Everyone in Cairo knows that the big game for every political party of any substance now consists of presenting a presidential candidate ahead of the elections in 2011.
The candidate must have a minimum two years party-leadership experience, within a party with a minimum of five seats in Parliament.
Independent candidates may also stand (which would have to be the case for the Muslim Brotherhood, given that it is constitutionally banned from participating at the elections in any other way) provided they have at least 250 elected supporters, 64 of which must be MPs. To the great amusement of onlookers, one of the Brotherhood’s biggest opportunities is the women. By virtue of another recent law, 64 seats have been reserved for them in the next parliament.
“By vowing for their attention, the Brotherhood is thinking long-term, it is evident,” one of the party’s members said recently.
According to Dr Mohammed Morsy from the Muslim Brotherhood, political alliance with another party is currently not an option.
Either way, both analysts and human rights groups in Cairo expect the up-coming elections to be marked by more voting irregularities than previous ones, of which the Shura council election, where none of the Brotherhood’s 13 candidates won any seats, was considered a key indicator. “The elections were not representative of what happened on the ground. Official figures suggest the turn-out was 30 per cent, when in reality it was maybe three,” explains Dr Morsy.
“We knew the result would be forged, but if we had not participated, the forgery would not have been seen. We also have to show people that we are engaging in the democratic process of our country, that we continue to fight and that change is still possible,” he adds.
The reduction of proportional representation of the Brotherhood in the Assembly is a key political game and according to observers the authorities do not intend to compromise.
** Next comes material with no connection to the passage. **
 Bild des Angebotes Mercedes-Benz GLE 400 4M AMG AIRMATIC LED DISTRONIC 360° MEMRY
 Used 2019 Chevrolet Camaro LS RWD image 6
Additional arrests are to be expected so that the only option left to the movement is to negotiate for the freeing of its members, the SPI wrote recently.
But there is still hope. News agencies have been reporting the Muslim Brotherhood as saying it will back the former Director General of the International Atomic Energy Agency, Dr Mohamed ElBaradei’s political change campaign. The meeting came as a surprise to many, but had in fact been planned for months.
“It is not a political alliance, but we are working together for legal change so that the government is unable to continue to violate the constitution and use of emergency laws,” Dr Horsy confirms.
The overall picture is that in spite of the internal differences, the Brotherhood is slowly re-uniting to be in the game for the long run. Internal unrest means they would risk losing the support amongst Egyptians, as well as internationally.
“We cannot afford that, as much as we like to think we can,” fears Dr Horsy confirms.